Directions:
Restate the full set of records exactly, without adding or dropping a word.

[Dataset entries]
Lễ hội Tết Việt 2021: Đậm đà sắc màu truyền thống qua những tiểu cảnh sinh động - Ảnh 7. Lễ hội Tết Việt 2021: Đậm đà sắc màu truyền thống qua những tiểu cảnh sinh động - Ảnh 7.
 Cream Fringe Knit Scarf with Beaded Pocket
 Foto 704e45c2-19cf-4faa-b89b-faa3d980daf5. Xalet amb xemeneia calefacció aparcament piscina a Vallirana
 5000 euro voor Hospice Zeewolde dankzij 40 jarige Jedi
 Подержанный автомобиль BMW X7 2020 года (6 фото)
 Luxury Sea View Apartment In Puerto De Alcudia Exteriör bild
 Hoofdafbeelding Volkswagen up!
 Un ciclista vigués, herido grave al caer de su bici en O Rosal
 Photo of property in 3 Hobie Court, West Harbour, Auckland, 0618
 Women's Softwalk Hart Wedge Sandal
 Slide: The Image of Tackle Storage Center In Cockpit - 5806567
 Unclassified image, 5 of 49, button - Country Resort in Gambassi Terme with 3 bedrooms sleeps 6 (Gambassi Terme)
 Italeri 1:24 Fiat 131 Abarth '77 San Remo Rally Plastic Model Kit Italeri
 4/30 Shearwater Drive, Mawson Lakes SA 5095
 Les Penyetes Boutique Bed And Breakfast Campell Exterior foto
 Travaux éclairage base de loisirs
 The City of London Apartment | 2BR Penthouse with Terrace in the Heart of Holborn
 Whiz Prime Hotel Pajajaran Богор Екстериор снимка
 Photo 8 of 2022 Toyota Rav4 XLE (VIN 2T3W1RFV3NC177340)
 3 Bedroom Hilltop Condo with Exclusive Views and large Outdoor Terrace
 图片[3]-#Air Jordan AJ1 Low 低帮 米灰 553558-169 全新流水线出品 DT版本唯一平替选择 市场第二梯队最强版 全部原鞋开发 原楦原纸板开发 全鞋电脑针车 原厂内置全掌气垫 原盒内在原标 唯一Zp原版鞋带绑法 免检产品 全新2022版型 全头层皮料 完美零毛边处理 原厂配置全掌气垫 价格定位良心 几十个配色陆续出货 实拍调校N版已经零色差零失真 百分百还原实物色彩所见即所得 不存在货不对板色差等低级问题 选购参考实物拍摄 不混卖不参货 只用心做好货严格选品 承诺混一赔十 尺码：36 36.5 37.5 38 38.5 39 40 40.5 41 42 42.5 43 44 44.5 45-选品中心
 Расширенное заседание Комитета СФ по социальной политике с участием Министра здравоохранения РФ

Expected output:
Lễ hội Tết Việt 2021: Đậm đà sắc màu truyền thống qua những tiểu cảnh sinh động - Ảnh 7. Lễ hội Tết Việt 2021: Đậm đà sắc màu truyền thống qua những tiểu cảnh sinh động - Ảnh 7.
 Cream Fringe Knit Scarf with Beaded Pocket
 Foto 704e45c2-19cf-4faa-b89b-faa3d980daf5. Xalet amb xemeneia calefacció aparcament piscina a Vallirana
 5000 euro voor Hospice Zeewolde dankzij 40 jarige Jedi
 Подержанный автомобиль BMW X7 2020 года (6 фото)
 Luxury Sea View Apartment In Puerto De Alcudia Exteriör bild
 Hoofdafbeelding Volkswagen up!
 Un ciclista vigués, herido grave al caer de su bici en O Rosal
 Photo of property in 3 Hobie Court, West Harbour, Auckland, 0618
 Women's Softwalk Hart Wedge Sandal
 Slide: The Image of Tackle Storage Center In Cockpit - 5806567
 Unclassified image, 5 of 49, button - Country Resort in Gambassi Terme with 3 bedrooms sleeps 6 (Gambassi Terme)
 Italeri 1:24 Fiat 131 Abarth '77 San Remo Rally Plastic Model Kit Italeri
 4/30 Shearwater Drive, Mawson Lakes SA 5095
 Les Penyetes Boutique Bed And Breakfast Campell Exterior foto
 Travaux éclairage base de loisirs
 The City of London Apartment | 2BR Penthouse with Terrace in the Heart of Holborn
 Whiz Prime Hotel Pajajaran Богор Екстериор снимка
 Photo 8 of 2022 Toyota Rav4 XLE (VIN 2T3W1RFV3NC177340)
 3 Bedroom Hilltop Condo with Exclusive Views and large Outdoor Terrace
 图片[3]-#Air Jordan AJ1 Low 低帮 米灰 553558-169 全新流水线出品 DT版本唯一平替选择 市场第二梯队最强版 全部原鞋开发 原楦原纸板开发 全鞋电脑针车 原厂内置全掌气垫 原盒内在原标 唯一Zp原版鞋带绑法 免检产品 全新2022版型 全头层皮料 完美零毛边处理 原厂配置全掌气垫 价格定位良心 几十个配色陆续出货 实拍调校N版已经零色差零失真 百分百还原实物色彩所见即所得 不存在货不对板色差等低级问题 选购参考实物拍摄 不混卖不参货 只用心做好货严格选品 承诺混一赔十 尺码：36 36.5 37.5 38 38.5 39 40 40.5 41 42 42.5 43 44 44.5 45-选品中心
 Расширенное заседание Комитета СФ по социальной политике с участием Министра здравоохранения РФ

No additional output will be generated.